Lo scempio del cadavere dette origine al verbo “starraciare” che per moltissimi anni significò massacrare, fare a pezzi. Di solito “Mo te starraceo” era la minaccia che si proferiva nel corso di una rissa.
Alla fine i massacratori di Storace furono catturati, i cortei che li portavano verso la morte sfilarono per la via degli Armieri, davanti al Palazzo del Viceré e al convento di Sant’Agostino alla Zecca dove per molti avvenne il taglio della mano, per la Vicaria e il Lavinaio per arrivare infine a piazza mercato.
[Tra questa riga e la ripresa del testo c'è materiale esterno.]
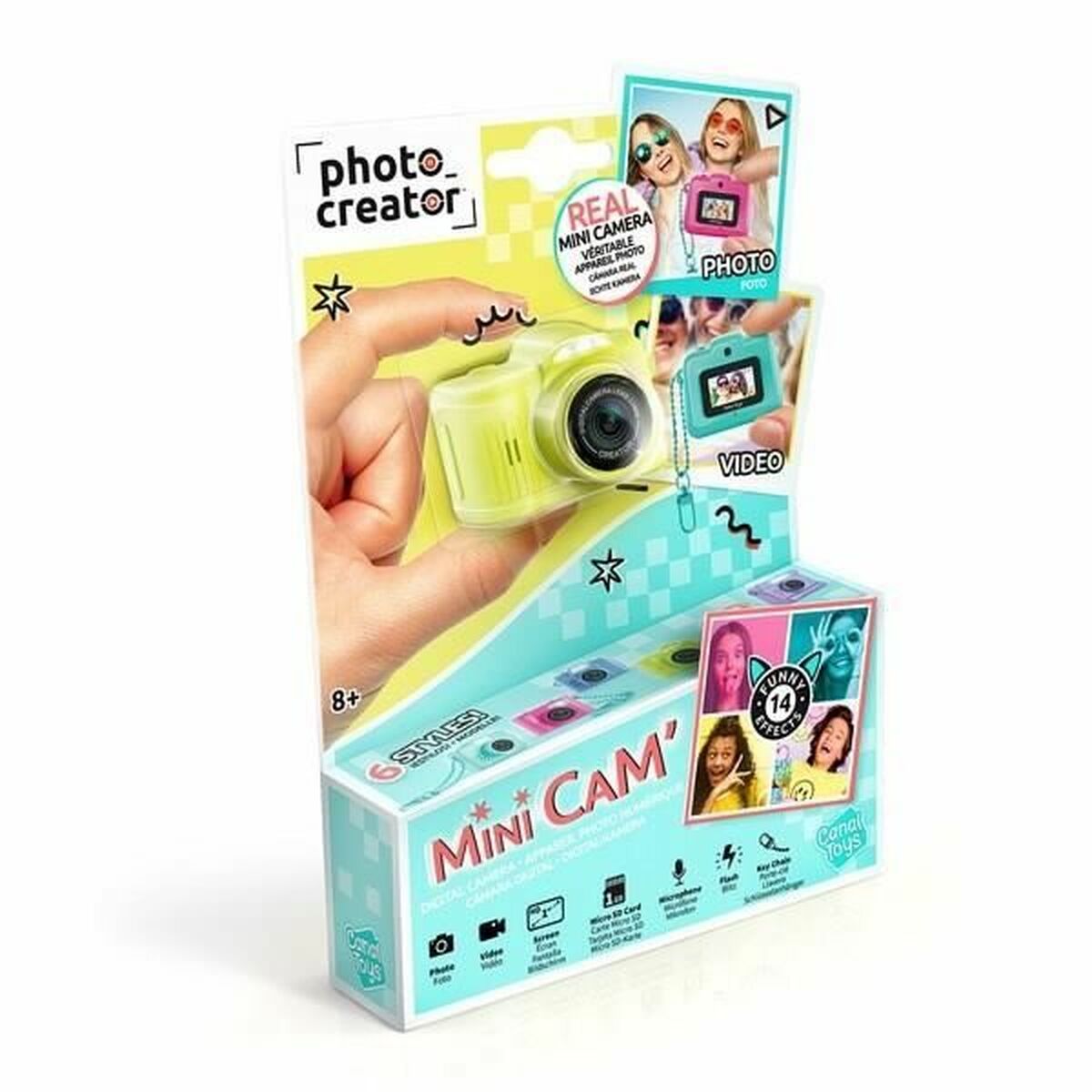 Digital Camera Canal Toys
Durante il tragitto molti condannati gridavano:
“Mo’ haviti pane et vino: non parlate e noi andiamo a morire”. Le esecuzioni cominciarono il 27 luglio e finirono al 13 novembre.
Sul luogo dove sorgeva la casa di Gio Leonardo Pisano si costruì un monumento in pietra nel quale furono sistemati in apposite nicchie chiuse da sbarre le teste e le mani di 24 giustiziati, altre furono sistemate sul cornicione, al centro vi era una lapide di marmo a memoria eterna del delitto.